Gov. Kasich introduced his funding formula this way.

KASICH: “If you are poor, you’re going to get more. If you’re richer, you’re going to get less.”

But critics have said that’s not the way the plan looks on paper. They point to huge funding increases in wealthy districts such as Olentangy Local, New Albany and Twinsburg, while many districts in poorer, rural areas are getting no more money. The governor defends those increases, saying the student populations in those districts have exploded in population as property values have fallen.

And the governor says there is increased funding for education in his budget, and he’s irritated with claim that school funding is not at the level it was before his first budget, in which K-12 education took cuts.

KASICH: “The fact of the matter is K-12 is important. That’s why we’re putting so much more money in it now.”

KASLER: “But some communities and schools are saying they’re still not back to where they were when your last budget was introduced, when they took cuts.”

KASICH: “Well, that’s false. It’s just not true. I mean, they can say whatever they want. That’s not true. You know, at the end of the day we have said that no school district would be cut. We have a $1.2 billion increase -- it’s almost a 6 percent increase in K-12 funding. Now, if you’re increasing K-12 by almost 6 percent, I don’t know how, I really don’t know how you talk about that as a cut. But let’s face it -- you know, in, sometimes in the school bureaucracy if you gave them a trillion dollars it would never be enough.
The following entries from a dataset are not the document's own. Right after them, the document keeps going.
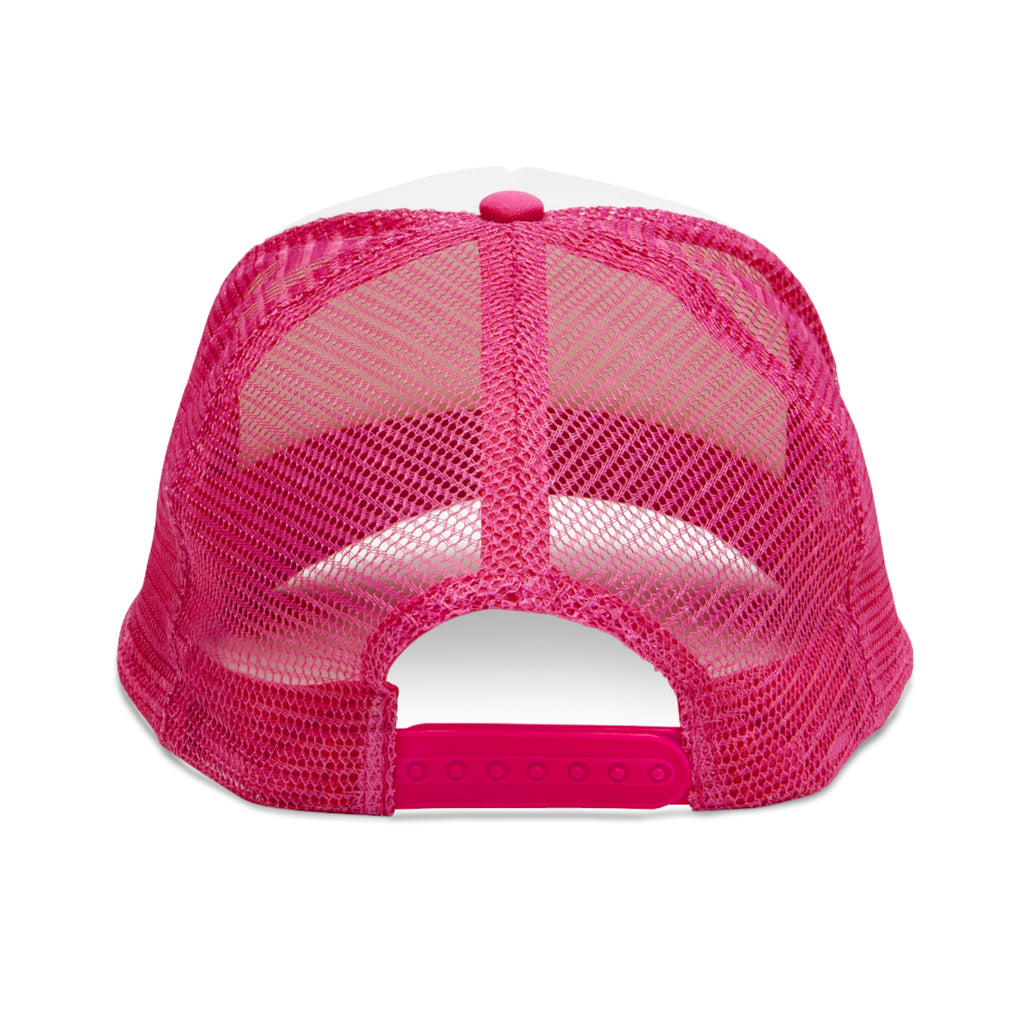 The black of pink and white 5 panel mesh trucker hat/trucker cap with text "GREATER THAN EVER BEFORE" and image with American flag, stripes and stars and brown mountains #Americanflag #Mountains #starsandstripes #stars #stripes #American #MadeinAmerica #MadeinUSA #USA #USApride #America  #americanmade #americanmadeproduct #americanmadeproducts #productsmadeinAmerica #USAmade #productmadeinUSA #productsmadeinUSA

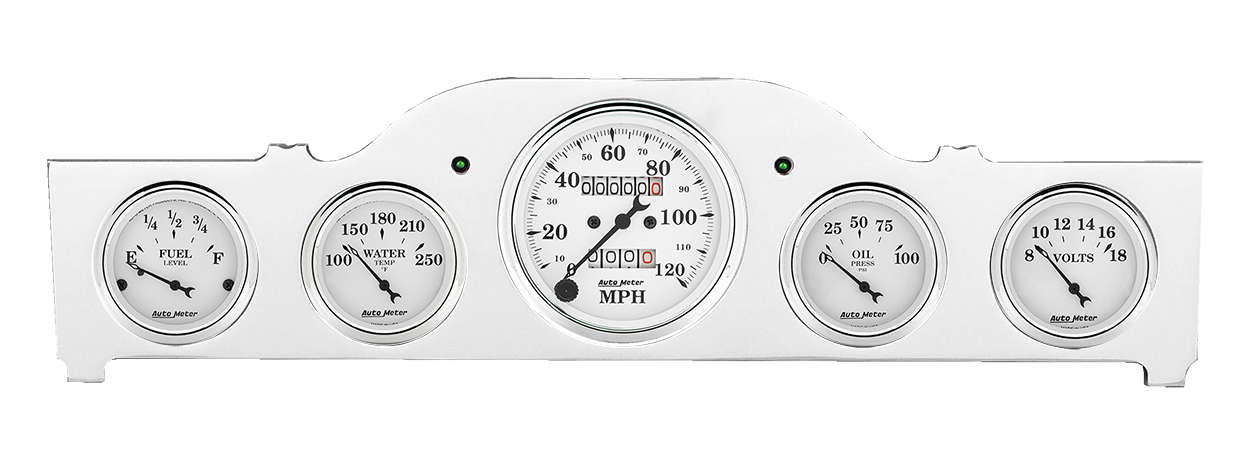 1951-1952 Plymouth Car Aluminum Gauge Panel w/ Auto Meter Old Tyme White Gauges - Image 2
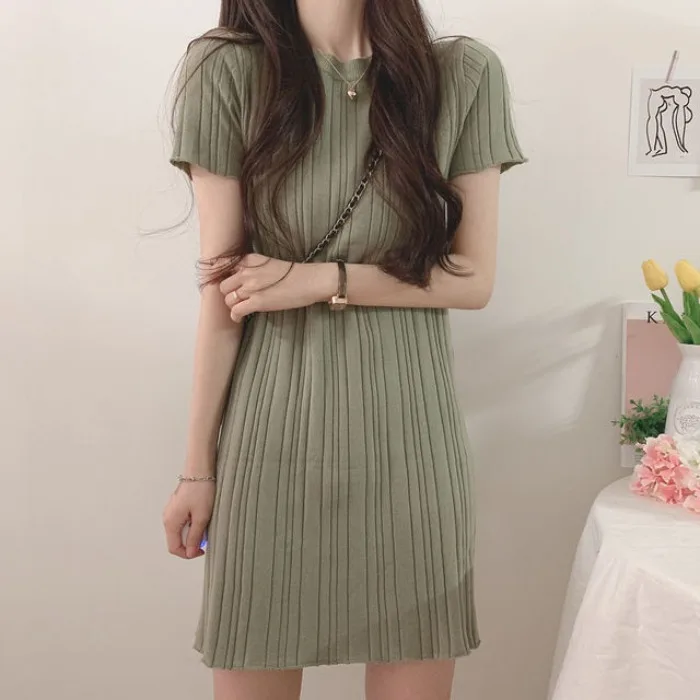

PPSHD Sunken Stripe Short Sleeve Knitted Dress round Neck Multicolor Ice Silk A- line Skirt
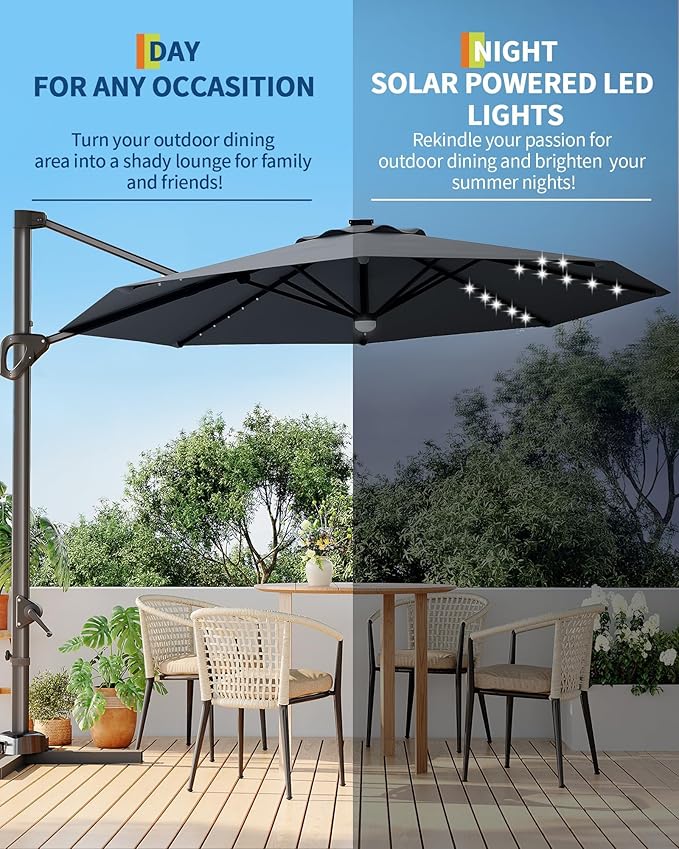 GarveeLife 10FT Patio Umbrella Outdoor Solar LED Large Cantilever Umbrella Market Sun Shade Windproof Offset Umbrella with 360-Degree Rotation for Garden Deck Pool Patio
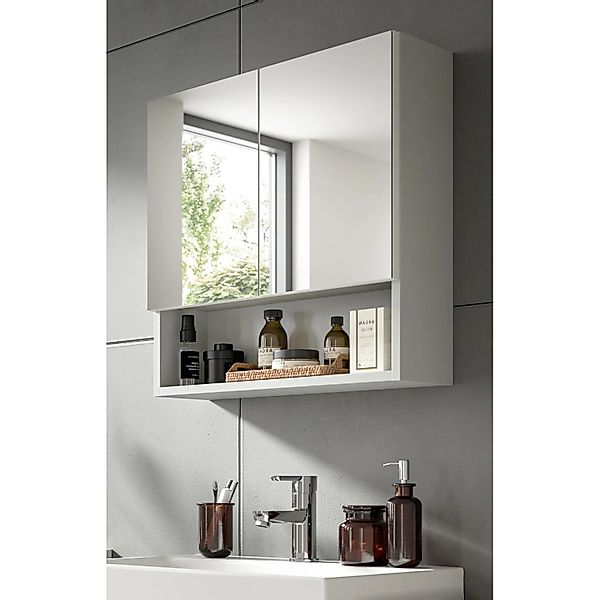 Inn.Furn Spiegelschrank Grau 55 cm 2-türig mit Soft-Close Carlo günstig online kaufen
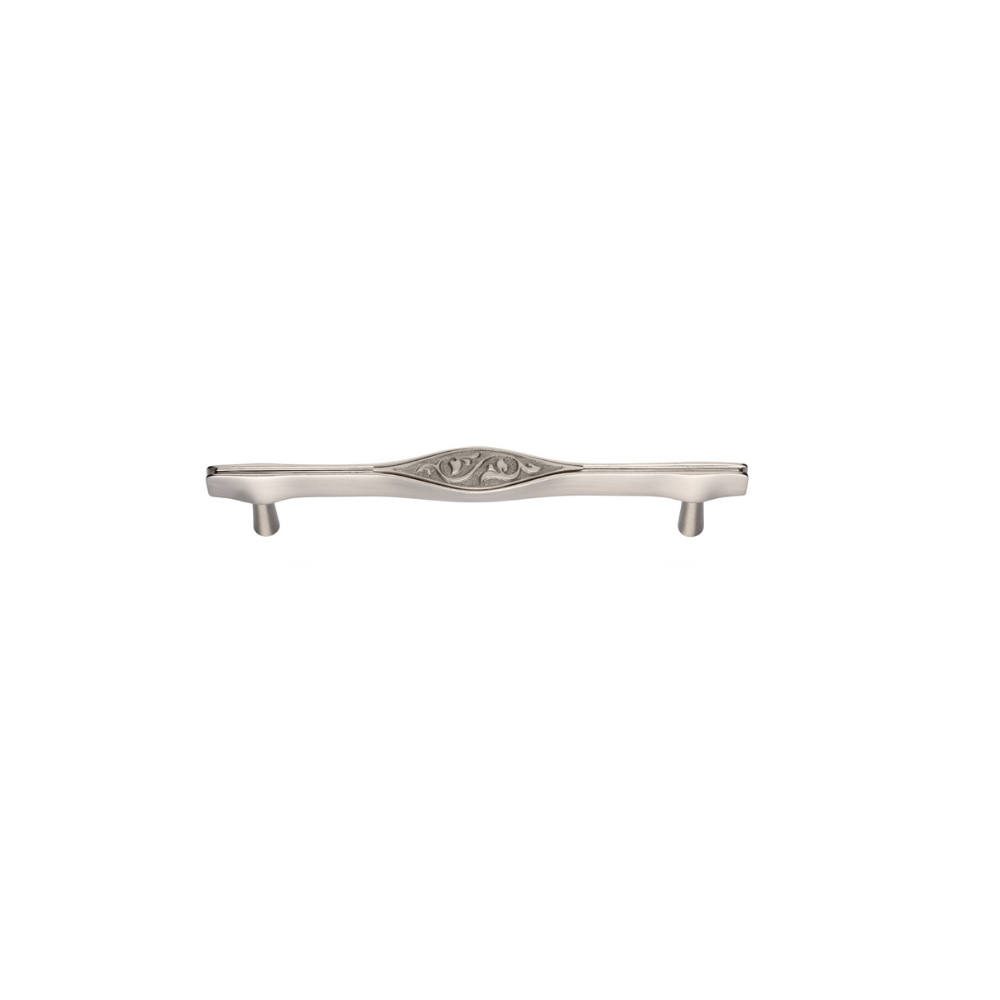 Curl Patterned Drawer Handle Satin Silver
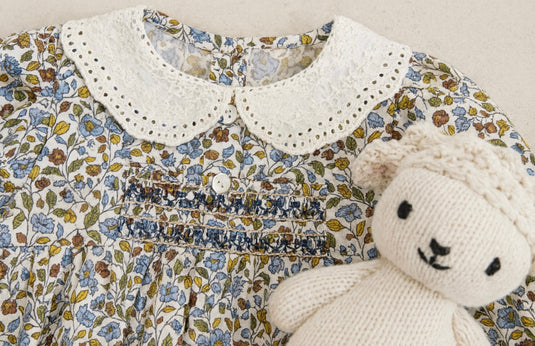 Robe pour filles automne-hiver à fleurs rétro – Kali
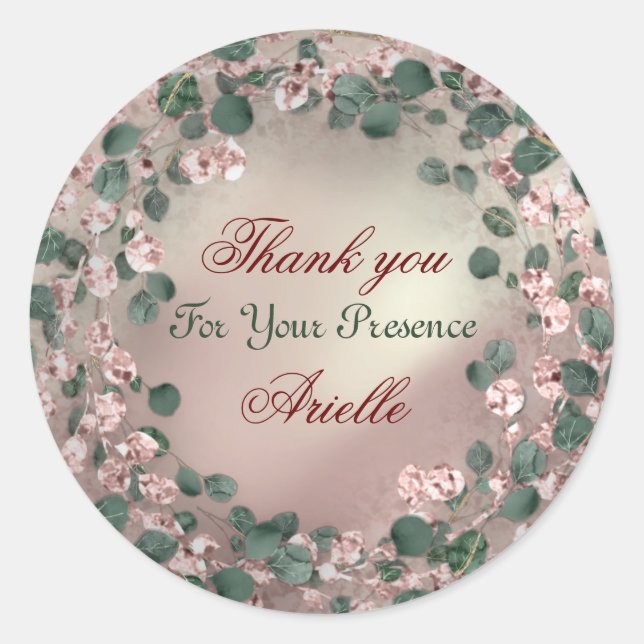 Sticker Rond Merci Eucalyptus Anniversaire Mariée Verdure Blush (Devant)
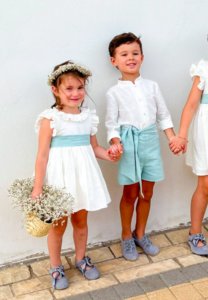 Bailarinas de ante con lazo de raso zapatos para ceremonia para bebe y niñas de arras fabricados en España BIGUEL
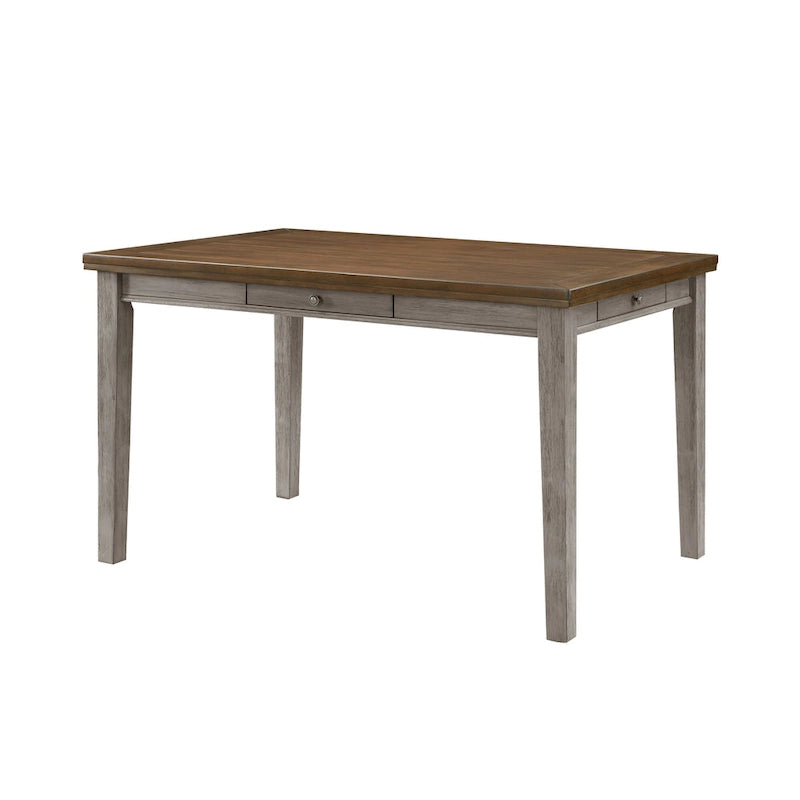 36-Inch Counter-Height Dining Table with 4 Drawers, Brown and Gray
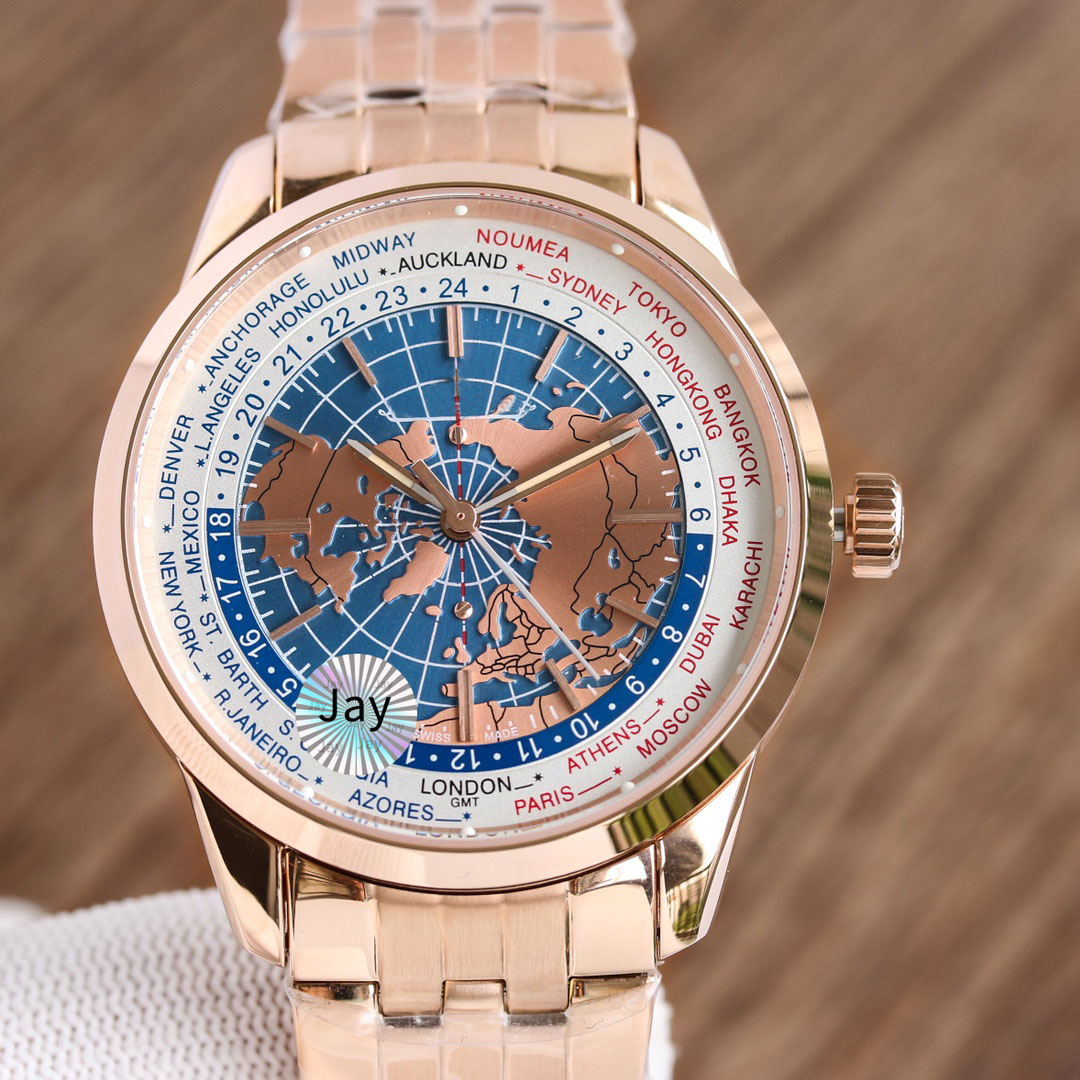 

Luxury 810-8120 Geophysical Observatory Mens Watch 772 Automatic Mechanical Sapphire Crystal 18k Rose Gold Wristwatch World Time, Slivery;brown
And I understand that, and that’s okay.”

But Democrats say the governor’s own math shows that funding for K-12 education is below where it was before Kasich was elected in 2010. Stephen Dyer is a former state representative from Green, near Akron, and now is a school funding expert for the liberal think tank Innovation Ohio.

DYER: “All I can say is, in his own blue book, total funding to education is down $340 million, and that’s total funding to education, not just district by district stuff. It was down $340 million from the 10-11 budget. It’s his own budget documents that say that.”

Dyer says the budget sets the per-pupil foundation level -- what he says is the minimum kids need -- at $5,000, which Dyer says is the lowest level it’s been since the 90s. And while Dyer says that the governor’s statement that no district is getting cut in his budget is accurate, he says districts still aren’t back to where they were before their budgets were cut in the last spending plan.

DYER: “It’s true that they’re not getting cut this year, but they’re being guaranteed on last school year. So their guarantee is based on a big year, a year in which they received big cuts.”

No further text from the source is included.